YOU COME HERE FOR BAY AREA MEDIA, I know. And later today, you will get a media post. I promise.

But being that today is Mother's day, I had to write this. At least try to because as it is, this is a difficult day. I lost my mom three years ago, it doesn't seem that long. I can still remember the moment when I got word of it from my sister.

Tears for my mother.

They told me with time, it would get better. It hasn't. It seems to get worse. Today is especially bad because I can't seem to escape the Mother's day ritual. I won't be going to my sister's house to have brunch. There's no trip to to Jack London Square for a meal. While many of you will take mom out, and I hope you do and have a great day, I will stay around and imagine. It's really painful to experience; I had no idea it would be this difficult, even remotely so, but in actuality, it's dreadful. I'm not supposede to say that, but I'm being honest. I can't really relax because I'm feeling so out of it.

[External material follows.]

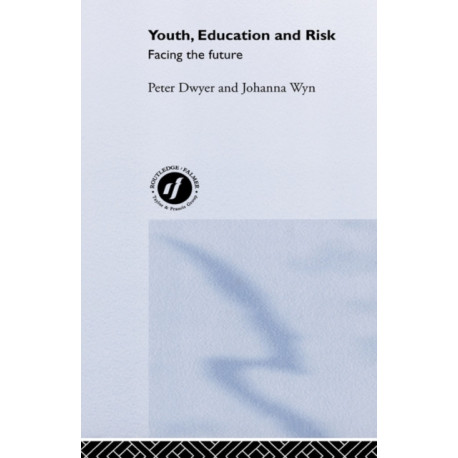 Youth, Education and Risk: Facing the Future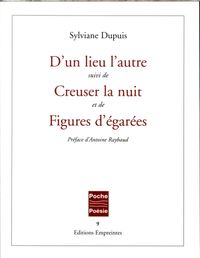Produktbild: D'un lieu l'autre suivi de Creuser la nuit et de Figures d'&eacute;gar&eacute;es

All week I tried to put it out of my mind. I avoived Mother's day ads on radio and TV but I still heard and saw. Too many painful reminders. I miss her so much. I cannot tell you how painful it still is without her; today is a void. It's especialy difficult when you see so many of your friends out with their mom and family while you try to keep it together and ward off all the depression. It hurts. It never goes away, the hopeless feeling, the anguish, the despair. I'm not supposed to air it out, but airing it out is my only chance to numb the pain.

Again, those of you that are lucky enough to have mom around, family, friends, I absolutely wish you a great day. I thank you for allowing me to vent a little. It helps. Just a little bit, but it helps. Mom would tell me in her perfect Brooklynese, to get out and move on. I will try. But I still miss her so much and today is tough.

Happy Mother's day.

1 comment:

  1. Although I lost mine many years ago I still miss her. Mums hold a very special spot in our hearts and nothing can change that. Today is a tough day for some of us.